MCD is scheduled to report its February sales results before the market open tomorrow, the 8th of March. There was no difference in the number of weekdays and weekend days in February 2011 versus February 2011.
Below I go through my view on what sales results the Street will receive as “GOOD”, “BAD”, and “NEUTRAL” for each region. To recall, January’s U.S. result was a mere 10 basis points above my expectation and represented a slowdown for the company’s domestic business. I expect this slowdown to continue in February. There is plenty of time for my thesis on MCD in 2011 to play out, so I will not be discouraged by an upside surprise in February. I am below the Street’s estimate and would note that a miss in February may spur the sell-side to rethink expectations ahead of 1Q results. As gas prices creep higher, putting pressure on casual dining chains, MCD may actually benefit slightly but certainly not enough to dissuade me from my bearish thesis on 2011. After all, as I noted in last month’s sales preview, drive-thru sales are important for MCD’s sales, so any share gained from casual dining may be offset, likely depending on just how high gas prices climb.
Below I go through my take on what numbers will be received by the street as GOOD, BAD, and NEUTRAL, for MCD comps by region. For comparison purposes, I have adjusted for calendar and trading day impacts.

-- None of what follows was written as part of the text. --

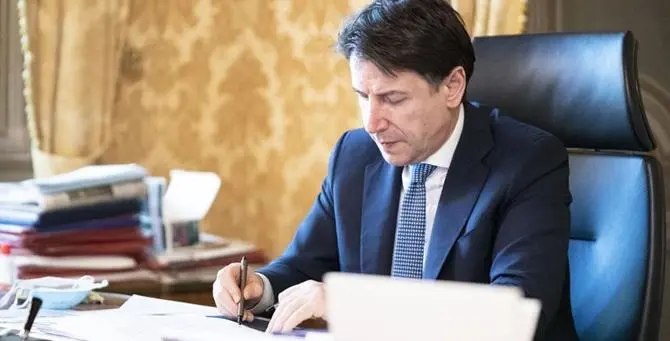 Crisi di governo, il premier Conte domani al Quirinale per le dimissioni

U.S. – Facing an easy +0.6% compare (there was no calendar shift in February 2010):
GOOD: A print of roughly 3% or higher would be perceived as a good result, implying that the company has improved two-year average trends from January. I believe that any improvement in two-year average trends would be met positively by investors. I believe a result in the NEUTRAL range – closer to the lower end of roughly 2% - is most likely. To reiterate, I expect a greater proportion of the slowing in top line trends that I have projected for the U.S. business in 2011 to take place after compares step up in difficulty from March onward. At that stage, I expect a more obvious divergence to emerge between my projections and those of the sell-side. Of course, weak results tomorrow may precipitate a correction in Street expectations ahead of 1Q results but, given the darling status currently enjoyed by MCD on Wall Street, I anticipate some stickiness in current consensus.

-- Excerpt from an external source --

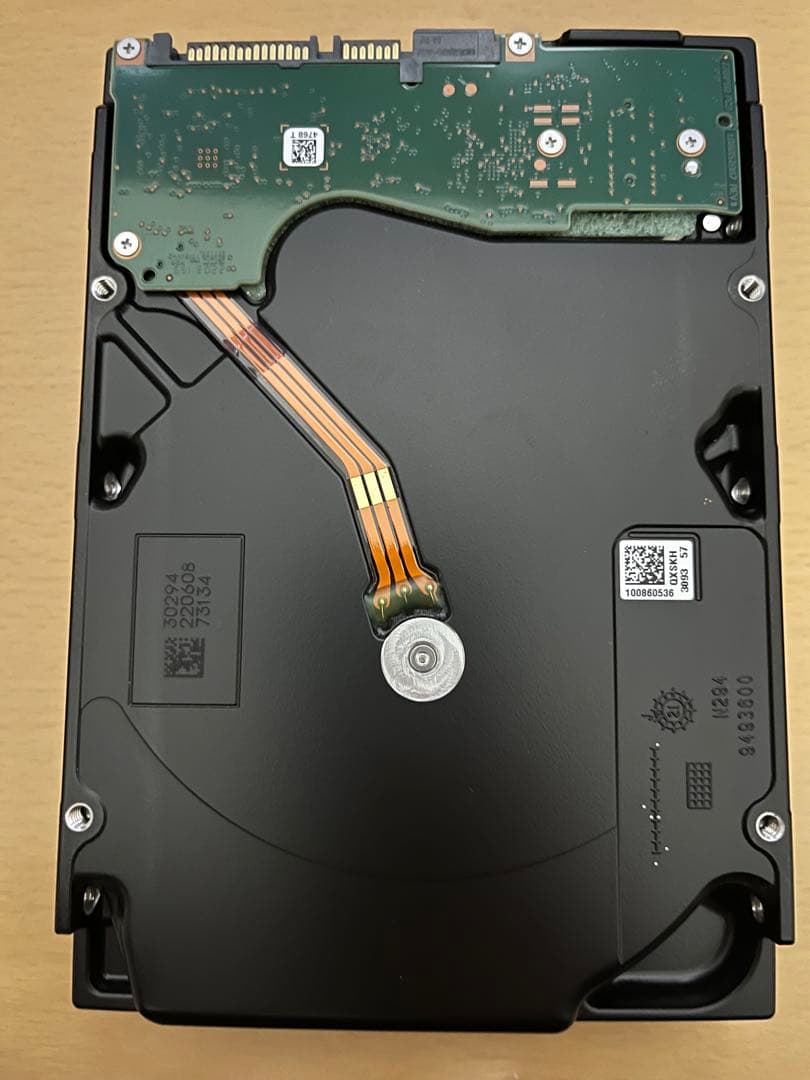 Seagate Exos X18 18TB 内蔵型HDD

NEUTRAL: Roughly 2% to 3% implies two-year average trends that are approximately in line with the calendar-adjusted two-year average trend in January. I would add that, in reality, a result towards the lower end of this range will not be received well and that is where I expect the U.S. comp to come in.

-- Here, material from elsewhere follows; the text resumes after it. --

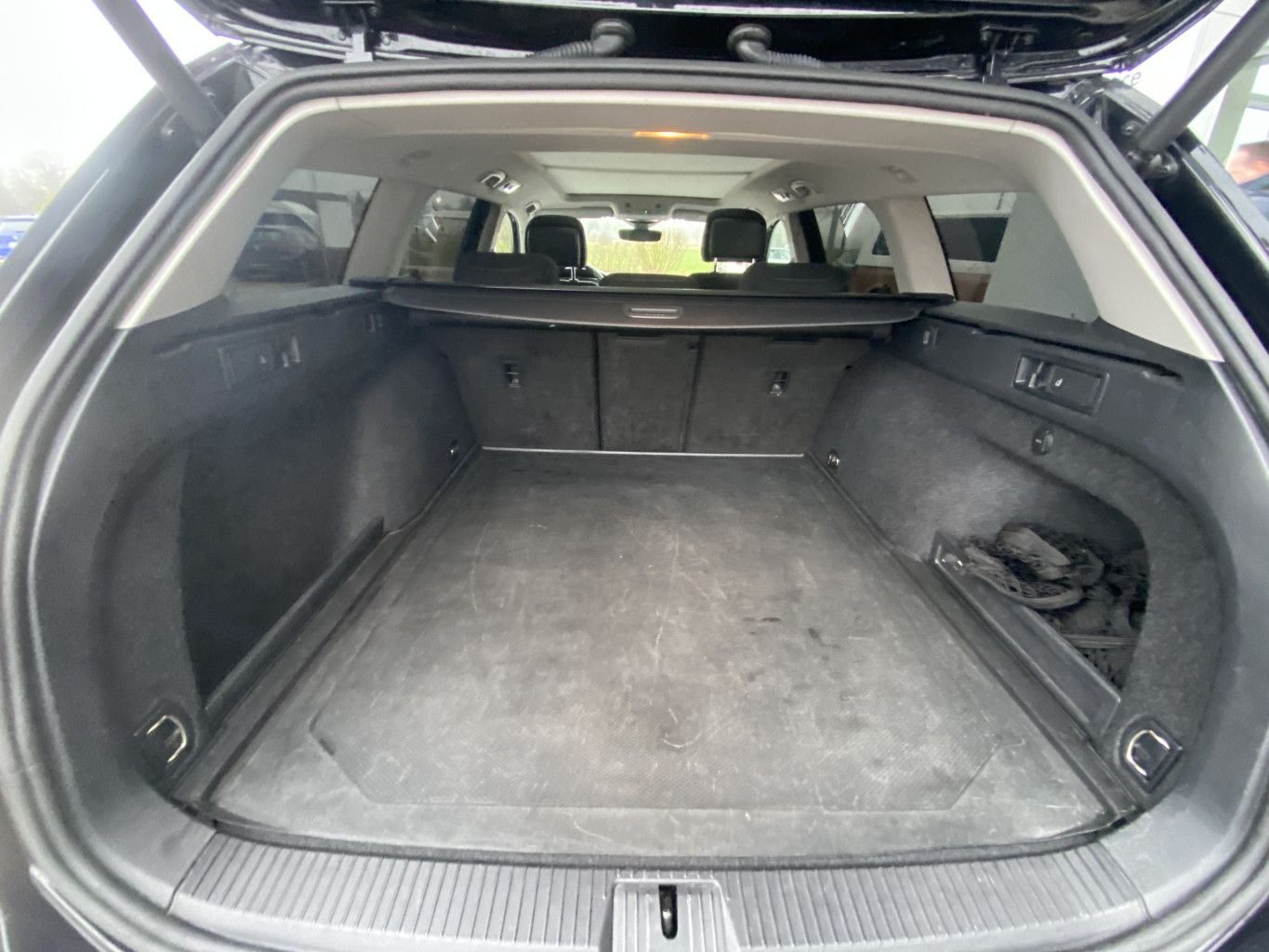 Volkswagen Passat Variant 2.0 TDI DSG BUSINESS NAVI+LED+KAM foto 12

BAD: Below 2% would imply a significant deceleration in two-year average trends on a calendar-adjusted basis. Headline comps for the U.S. were low for December and January with similarly easy compares. A further deceleration in two-year average trends would likely call into question the direction of the U.S. business for 2011.
Europe – Facing a compare of +5.4% (there was no calendar shift in February 2010):
GOOD: A print of approximately 6% would imply two-year average trends significantly higher than those see in December and marginally better than the strong two-year average trends in January. An improvement, or even maintenance, of trends from January would be well-received given that the compare in February is significantly more difficult than that of January.
NEUTRAL: Between roughly 5% and 6% would imply a two-year average trend slightly below January’s trend. While a deceleration is usually received negatively, a slowdown is almost expected following a sharp gain in two-year average trends in January.
BAD: Below 5% would imply trends significantly below January’s and, while I believe some allowance will be made for a deceleration given the improved levels of two-year average trends on an absolute scale, the perception of January’s Europe result as being anomalous will likely drag sentiment.
APMEA – Facing a difficult 10.5% compare (there was no calendar shift in February 2010):
GOOD: Any positive same-store sales result from APMEA would be well-received by investors. Given the difficulty of the compare from February 2010, +10.5%, a same store-sales print of roughly 0.0% would imply two-year average trends approximately in line with January’s result. Additionally, a third consecutive month of strong two-year average trends flowing November’s disappointing number would bolster confidence in the APMEA business.
NEUTRAL: Between -1% and 0% would imply two-year average trends roughly in line with January.
BAD: Below -1% would obviously look bad from a headline perspective but, also, on a two-year average basis, this would imply a significant deceleration in two-year average trends from January.